Kievman v. Edward Hospital

481 N.E.2d 909, 135 Ill. App. 3d 442, 90 Ill. Dec. 109, 1985 Ill. App. LEXIS 2272
CourtAppellate Court of Illinois
DecidedJuly 18, 1985
Docket84-944
StatusPublished
Cited by6 cases

This text of 481 N.E.2d 909 (Kievman v. Edward Hospital) is published on Counsel Stack Legal Research, covering Appellate Court of Illinois primary law. Counsel Stack provides free access to over 12 million legal documents including statutes, case law, regulations, and constitutions.

Bluebook
Kievman v. Edward Hospital, 481 N.E.2d 909, 135 Ill. App. 3d 442, 90 Ill. Dec. 109, 1985 Ill. App. LEXIS 2272 (Ill. Ct. App. 1985).

Opinion

PRESIDING JUSTICE NASH

delivered the opinion of the court:

Plaintiff, Theresa Kievman, appeals from an order dismissing her complaint against defendant, Edward Hospital, in which plaintiff sought recovery of damages arising out of alleged injuries sustained while undergoing treatment in the hospital. The trial court dismissed plaintiff’s complaint on motion of defendant brought pursuant to section 2 — 619 of the Code of Civil Procedure (Ill. Rev. Stat. 1981, ch. 110, par. 2 — 619), which alleged defendant was a local public entity and plaintiff had failed to give the hospital notice of the injury as required by section 8 — 102 of the Local Governmental and Governmental Employees Tort Immunity Act (Ill. Rev. Stat. 1981, ch. 85, par. 8 — 102). Plaintiff contends (1) defendant is estopped from relying upon failure of plaintiff to give the notice, as defendant concealed its status as a local public entity from plaintiff and the public, and (2) defendant’s establishment of a self-insurance fund acted as a waiver of its right to notice.

An earlier appeal in this case was dismissed by this court for not being from a final order (Kievman v. Edward Hospital (1984), 122 Ill.

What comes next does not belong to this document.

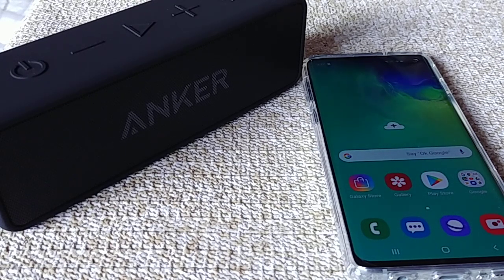Hey everyone, what's going on. In today's video I'm going to show you guys how to pair the Anker Soundcore 2 Bluetooth speaker to the Samsung Galaxy S10 phone, and of course it should work the same for the S10 Plus as well.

App. 3d 187, 460 N.E.2d 901); that deficiency has been corrected, and we consider the merits of the appeal.

In her complaint filed on July 26, 1982, plaintiff alleged that on or about July 12, 1981, she became aware she had been injured by acts of negligence by defendant occurring in August 1978. Prior to filing her complaint, plaintiff did not give to defendant hospital the notice of injury required by section 8 — 102 of the Tort Immunity Act. It is also uncontroverted that defendant, Edward Hospital, was at all times noted herein owned and operated by Edward Hospital District, a municipal corporation, which had been organized pursuant to the Hospital District Law (Ill. Rev. Stat. 1981, ch. 23, par. 1251 et seq.).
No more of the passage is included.